16th February 2011, 04:39 PM
Dirty Laundry - When and How to Complain About a Vendor
I have been an active member of all kinds of different forums, from gaming to weightlifting and everything in between. The one thing I have noticed is that some people feel a need to air their dirty laundry to the whole interworld. By laundry I generally mean business transactions of all types and while in rare cases it is a warranted consumer warning, sometimes it's just impatient people who want their items the day before they ordered it. I think it is important for business matters to be kept private between buyer and seller to save the face of both the company and the complainer, I mean consumer. A few cases of this show up every once in a while here, far less than other places, but it still happens where a complaint post gets made for no real reason. There are multiple steps to take prior to telling the world that Company X is ripping you off on a forum, or to keep from being a sucker consumer in the first place if you were wronged.
- Check the Better Business Bureau (BBB) before you ever send money to a company. If no BBB data is available, do a quick search on google to find customer ratings and experiences.
- Give the company a chance to fix your problems confidentially before flaming them online, your forum post can and will keep other customers from shopping there. There is a certain amount of buyer responsibility to give them a fair chance to fix things.
- Pay attention to shipping rules. I know from ordering reloading supplies for rifles that anything that combusts takes time to ship; whenever I ordered powder I always expected a 3 week wait and when it got there before that I was pleasantly surprised.
- Understand that in the hobby world a lot of our suppliers are busy and sometimes filling multiple orders with a minimal staff, if any, so mistakes can and will be made.

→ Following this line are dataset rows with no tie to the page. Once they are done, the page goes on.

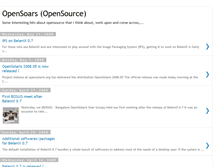 Tablet Screenshot of opensoars.blogspot.com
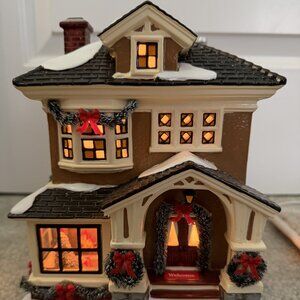 Department 56 Original Snow Village Christmas at Grandma's House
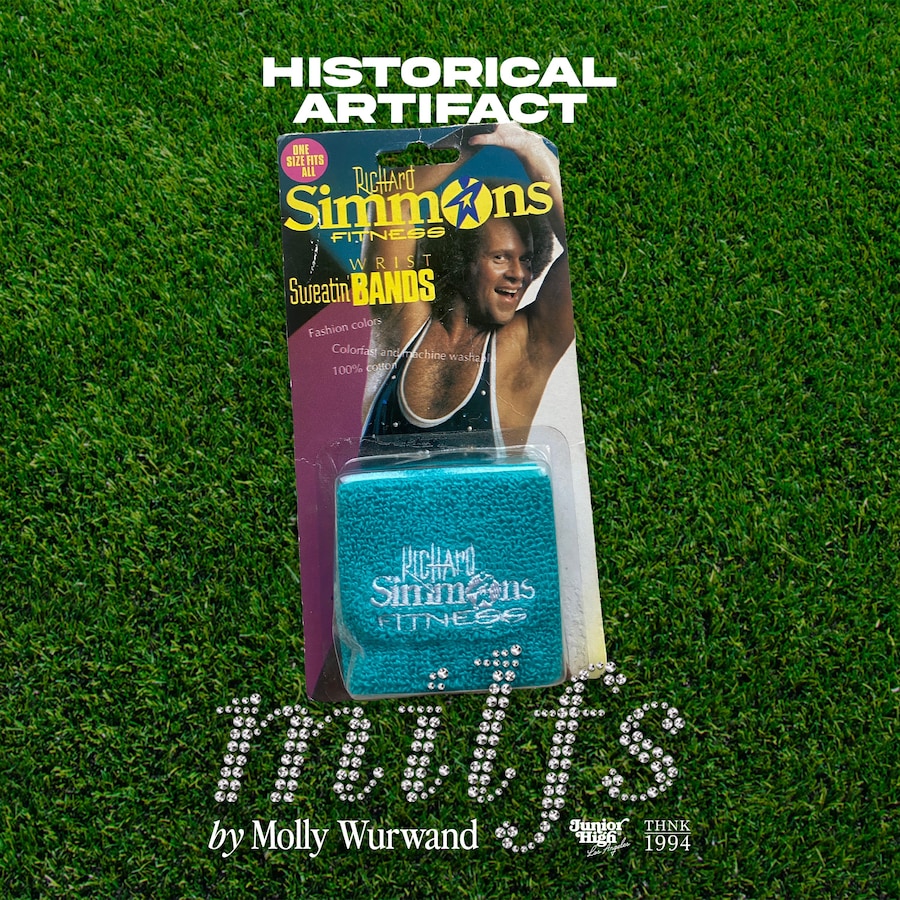 Molly Wurwand, Richard Simmons Sweatin’ Wristbands&#174; (ca. 199 30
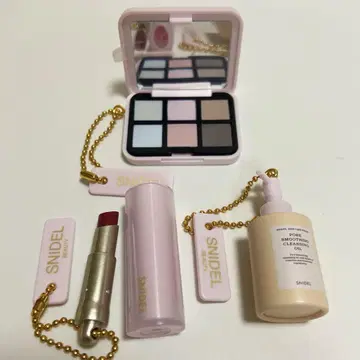 snidel beauty 미니어처 컬렉션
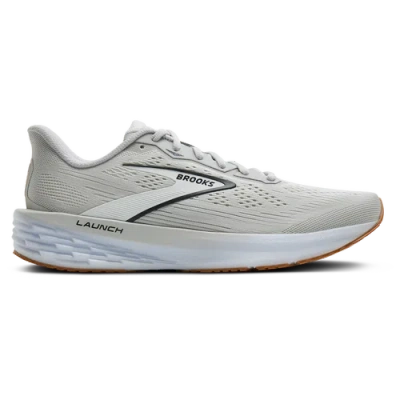 Brooks Launch 12 Running Sneaker In Gray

We are all human and I know we have all forgot something at one point in our life.
This is where confidentiality and good communication initiated by the buyer must happen, give the vendor a chance to make it right. Also on this note be honest with your buying. If something extra is sent to you, notify the company and allow them to cover the shipping charges to send it back. You may even get rewarded for honesty by them allowing you to keep the item. Doing the right thing is just right, why should the buyer be held to a different standard than the seller?
- Be quick to give praise where it is due. When a company impresses you let the world know so that others may also have a good experience and help keep the good companies busy.
- Complaints... These are very tough to handle and when reporting a legitimate complaint be sure to include full details and express what went wrong fully, not just "Company X sucks!!". Doing this will keep your image good as well as give good information to other consumers. Remember, public complaints are your last ditch effort after all other channels of help and reconciliation have been exhausted, this process could take a while.
These are just simple guidelines I use to reduce my stress levels and help generate solid relationships with vendors. This hobby has an extremely small community when it comes down to it, and the last thing you want is to be at a launch and see someone you flamed online for no good reason before you gave them a fair shot to fix it. Online shopping is very convenient but shipping is really out of the store's hands, so patience is key to keeping healthy blood pressure. If you are an extreme worrier pay the little bit extra to get a tracking number or express service when it's available. Don't be afraid to call or email the company and ask them for help rather than hop on a forum and ask people who have nothing to do with the vendor.
This site is really very minimal in flaming which is awesome, and pretty rare to have a group of online vendors that really do all seem to do their best by the customers. In closing, my last little hint: sometimes the site with the lowest price is not the best. It seems to me the bigger the site and the more varied their stock, the poorer their customer service and/or knowledge of what they are selling is. Support the guys who know the hobby and give back by showing up at launches as an onsite vendor, or who are constantly in communication with the hobbiest and not just moving bulk product. In the end your buying experience will be much more enjoyable and the few extra bucks will be well spent.
Last edited by WiK; 16th February 2011 at 08:32 PM.